_MATERIAL PROVIDED_.
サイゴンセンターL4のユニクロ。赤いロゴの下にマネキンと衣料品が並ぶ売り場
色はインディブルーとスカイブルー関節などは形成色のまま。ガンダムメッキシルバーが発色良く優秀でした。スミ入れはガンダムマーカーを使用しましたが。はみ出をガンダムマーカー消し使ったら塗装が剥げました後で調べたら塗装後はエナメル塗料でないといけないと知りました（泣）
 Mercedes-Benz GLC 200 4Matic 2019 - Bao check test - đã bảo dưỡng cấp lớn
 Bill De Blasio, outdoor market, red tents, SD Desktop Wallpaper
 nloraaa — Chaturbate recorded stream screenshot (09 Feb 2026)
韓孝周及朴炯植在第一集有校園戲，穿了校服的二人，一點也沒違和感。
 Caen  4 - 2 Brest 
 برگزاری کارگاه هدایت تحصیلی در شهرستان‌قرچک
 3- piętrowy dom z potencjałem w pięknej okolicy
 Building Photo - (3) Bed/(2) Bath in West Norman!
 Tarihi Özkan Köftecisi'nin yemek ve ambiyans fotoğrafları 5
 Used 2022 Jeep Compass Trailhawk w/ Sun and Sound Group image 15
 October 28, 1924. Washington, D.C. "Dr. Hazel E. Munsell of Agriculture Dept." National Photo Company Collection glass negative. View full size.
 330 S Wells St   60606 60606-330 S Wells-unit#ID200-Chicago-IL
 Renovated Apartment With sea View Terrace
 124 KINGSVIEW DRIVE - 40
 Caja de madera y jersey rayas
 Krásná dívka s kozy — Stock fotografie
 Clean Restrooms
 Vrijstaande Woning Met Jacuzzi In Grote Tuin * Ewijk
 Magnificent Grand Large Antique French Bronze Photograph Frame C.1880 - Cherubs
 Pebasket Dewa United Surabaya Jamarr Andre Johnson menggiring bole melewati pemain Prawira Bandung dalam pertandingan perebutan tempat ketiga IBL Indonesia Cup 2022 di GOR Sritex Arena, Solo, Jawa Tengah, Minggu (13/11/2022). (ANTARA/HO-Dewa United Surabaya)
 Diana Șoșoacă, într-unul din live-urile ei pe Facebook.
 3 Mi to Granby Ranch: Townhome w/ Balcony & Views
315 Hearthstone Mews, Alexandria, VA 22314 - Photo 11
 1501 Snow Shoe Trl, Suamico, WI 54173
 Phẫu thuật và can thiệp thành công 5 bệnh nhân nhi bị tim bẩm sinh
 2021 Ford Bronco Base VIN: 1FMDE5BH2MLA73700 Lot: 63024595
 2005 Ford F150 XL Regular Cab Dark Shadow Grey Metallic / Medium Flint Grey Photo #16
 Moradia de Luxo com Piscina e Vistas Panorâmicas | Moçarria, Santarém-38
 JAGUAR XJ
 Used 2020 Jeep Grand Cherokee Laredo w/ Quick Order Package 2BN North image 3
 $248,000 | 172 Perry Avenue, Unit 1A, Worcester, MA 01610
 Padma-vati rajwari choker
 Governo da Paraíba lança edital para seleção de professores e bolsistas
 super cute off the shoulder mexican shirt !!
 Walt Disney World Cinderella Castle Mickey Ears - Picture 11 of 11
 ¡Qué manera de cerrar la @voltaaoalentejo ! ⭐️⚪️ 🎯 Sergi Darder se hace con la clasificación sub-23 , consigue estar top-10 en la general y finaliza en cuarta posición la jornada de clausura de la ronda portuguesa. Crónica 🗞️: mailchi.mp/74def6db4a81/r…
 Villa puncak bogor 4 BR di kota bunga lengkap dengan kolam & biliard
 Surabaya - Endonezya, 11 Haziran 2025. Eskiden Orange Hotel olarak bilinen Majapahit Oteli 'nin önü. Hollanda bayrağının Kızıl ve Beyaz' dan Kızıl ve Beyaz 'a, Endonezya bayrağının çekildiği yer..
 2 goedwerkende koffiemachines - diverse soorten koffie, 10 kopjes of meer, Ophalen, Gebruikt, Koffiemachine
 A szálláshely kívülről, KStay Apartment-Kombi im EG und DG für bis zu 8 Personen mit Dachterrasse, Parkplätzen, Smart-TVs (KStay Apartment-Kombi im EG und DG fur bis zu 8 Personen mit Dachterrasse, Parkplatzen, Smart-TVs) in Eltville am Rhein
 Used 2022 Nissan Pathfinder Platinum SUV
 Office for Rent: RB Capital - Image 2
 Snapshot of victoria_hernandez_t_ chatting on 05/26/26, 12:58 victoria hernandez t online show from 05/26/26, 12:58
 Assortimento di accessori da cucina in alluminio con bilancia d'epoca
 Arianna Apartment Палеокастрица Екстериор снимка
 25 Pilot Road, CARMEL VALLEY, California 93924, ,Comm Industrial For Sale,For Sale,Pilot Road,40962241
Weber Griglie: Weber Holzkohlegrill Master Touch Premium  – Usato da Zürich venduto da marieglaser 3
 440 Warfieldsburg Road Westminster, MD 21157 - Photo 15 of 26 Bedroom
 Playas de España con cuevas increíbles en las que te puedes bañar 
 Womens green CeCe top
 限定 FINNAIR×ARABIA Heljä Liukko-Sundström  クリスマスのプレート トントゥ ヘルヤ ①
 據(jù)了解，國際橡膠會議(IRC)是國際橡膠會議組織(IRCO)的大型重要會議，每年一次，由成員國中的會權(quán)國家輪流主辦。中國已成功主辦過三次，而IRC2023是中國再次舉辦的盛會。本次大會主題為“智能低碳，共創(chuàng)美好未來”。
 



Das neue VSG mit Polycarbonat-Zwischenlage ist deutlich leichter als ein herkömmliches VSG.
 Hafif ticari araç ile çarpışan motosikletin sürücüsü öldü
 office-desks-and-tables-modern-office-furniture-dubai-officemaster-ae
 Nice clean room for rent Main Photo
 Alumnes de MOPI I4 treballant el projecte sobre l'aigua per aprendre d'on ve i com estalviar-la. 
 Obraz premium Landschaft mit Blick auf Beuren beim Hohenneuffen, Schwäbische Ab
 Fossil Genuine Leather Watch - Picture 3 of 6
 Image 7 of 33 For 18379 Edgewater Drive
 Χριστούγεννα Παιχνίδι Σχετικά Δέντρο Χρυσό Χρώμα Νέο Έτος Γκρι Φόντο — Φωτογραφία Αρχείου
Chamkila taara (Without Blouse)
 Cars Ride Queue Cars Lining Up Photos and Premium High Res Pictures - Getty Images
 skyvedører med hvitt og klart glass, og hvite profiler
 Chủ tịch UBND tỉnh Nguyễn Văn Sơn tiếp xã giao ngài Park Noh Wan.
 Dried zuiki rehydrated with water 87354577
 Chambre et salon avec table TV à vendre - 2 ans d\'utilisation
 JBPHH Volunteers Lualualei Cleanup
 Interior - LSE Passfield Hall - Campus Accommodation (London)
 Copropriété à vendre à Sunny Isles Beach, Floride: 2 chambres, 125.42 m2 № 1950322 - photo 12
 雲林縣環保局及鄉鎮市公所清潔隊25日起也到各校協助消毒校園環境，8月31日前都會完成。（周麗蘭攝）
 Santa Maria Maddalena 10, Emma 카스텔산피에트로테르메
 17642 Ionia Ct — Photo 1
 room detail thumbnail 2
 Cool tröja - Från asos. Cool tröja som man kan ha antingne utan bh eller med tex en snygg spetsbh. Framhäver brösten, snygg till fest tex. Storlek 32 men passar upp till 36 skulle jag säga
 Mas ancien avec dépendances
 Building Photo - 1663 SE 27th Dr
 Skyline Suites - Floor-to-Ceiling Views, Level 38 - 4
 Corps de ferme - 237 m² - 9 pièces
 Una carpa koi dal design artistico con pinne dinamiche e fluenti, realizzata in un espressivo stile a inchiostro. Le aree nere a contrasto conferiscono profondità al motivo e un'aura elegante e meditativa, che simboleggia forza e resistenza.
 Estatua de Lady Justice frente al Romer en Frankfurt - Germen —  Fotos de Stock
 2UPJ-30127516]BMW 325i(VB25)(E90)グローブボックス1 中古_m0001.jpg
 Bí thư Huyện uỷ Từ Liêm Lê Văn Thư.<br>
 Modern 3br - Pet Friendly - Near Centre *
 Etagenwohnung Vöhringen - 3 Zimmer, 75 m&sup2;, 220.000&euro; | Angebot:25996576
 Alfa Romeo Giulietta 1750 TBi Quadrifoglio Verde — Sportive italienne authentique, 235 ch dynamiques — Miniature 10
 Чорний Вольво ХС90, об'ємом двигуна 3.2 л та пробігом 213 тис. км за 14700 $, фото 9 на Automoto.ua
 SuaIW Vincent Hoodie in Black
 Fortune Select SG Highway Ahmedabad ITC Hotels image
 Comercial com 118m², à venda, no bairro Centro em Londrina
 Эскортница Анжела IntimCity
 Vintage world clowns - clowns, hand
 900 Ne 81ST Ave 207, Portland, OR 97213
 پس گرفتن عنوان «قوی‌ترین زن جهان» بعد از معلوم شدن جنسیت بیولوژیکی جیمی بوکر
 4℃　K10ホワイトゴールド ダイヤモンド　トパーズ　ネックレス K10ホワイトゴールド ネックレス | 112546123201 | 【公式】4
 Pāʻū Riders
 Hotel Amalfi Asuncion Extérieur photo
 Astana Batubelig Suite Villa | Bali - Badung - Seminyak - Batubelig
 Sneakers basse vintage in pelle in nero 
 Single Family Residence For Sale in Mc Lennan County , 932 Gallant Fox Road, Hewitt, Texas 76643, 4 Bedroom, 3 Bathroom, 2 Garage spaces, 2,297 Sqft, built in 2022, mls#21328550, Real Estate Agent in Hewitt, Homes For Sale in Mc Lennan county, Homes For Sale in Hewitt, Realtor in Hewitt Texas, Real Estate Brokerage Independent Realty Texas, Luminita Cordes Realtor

_PROBLEM TO SOLVE_.
From the records above, repeat exactly the lines from the one with "Bill De Blasio, outdoor" through the one with "Magnificent Grand Large", both included.

_TASK RESULT_.
 Bill De Blasio, outdoor market, red tents, SD Desktop Wallpaper
 nloraaa — Chaturbate recorded stream screenshot (09 Feb 2026)
韓孝周及朴炯植在第一集有校園戲，穿了校服的二人，一點也沒違和感。
 Caen  4 - 2 Brest 
 برگزاری کارگاه هدایت تحصیلی در شهرستان‌قرچک
 3- piętrowy dom z potencjałem w pięknej okolicy
 Building Photo - (3) Bed/(2) Bath in West Norman!
 Tarihi Özkan Köftecisi'nin yemek ve ambiyans fotoğrafları 5
 Used 2022 Jeep Compass Trailhawk w/ Sun and Sound Group image 15
 October 28, 1924. Washington, D.C. "Dr. Hazel E. Munsell of Agriculture Dept." National Photo Company Collection glass negative. View full size.
 330 S Wells St   60606 60606-330 S Wells-unit#ID200-Chicago-IL
 Renovated Apartment With sea View Terrace
 124 KINGSVIEW DRIVE - 40
 Caja de madera y jersey rayas
 Krásná dívka s kozy — Stock fotografie
 Clean Restrooms
 Vrijstaande Woning Met Jacuzzi In Grote Tuin * Ewijk
 Magnificent Grand Large Antique French Bronze Photograph Frame C.1880 - Cherubs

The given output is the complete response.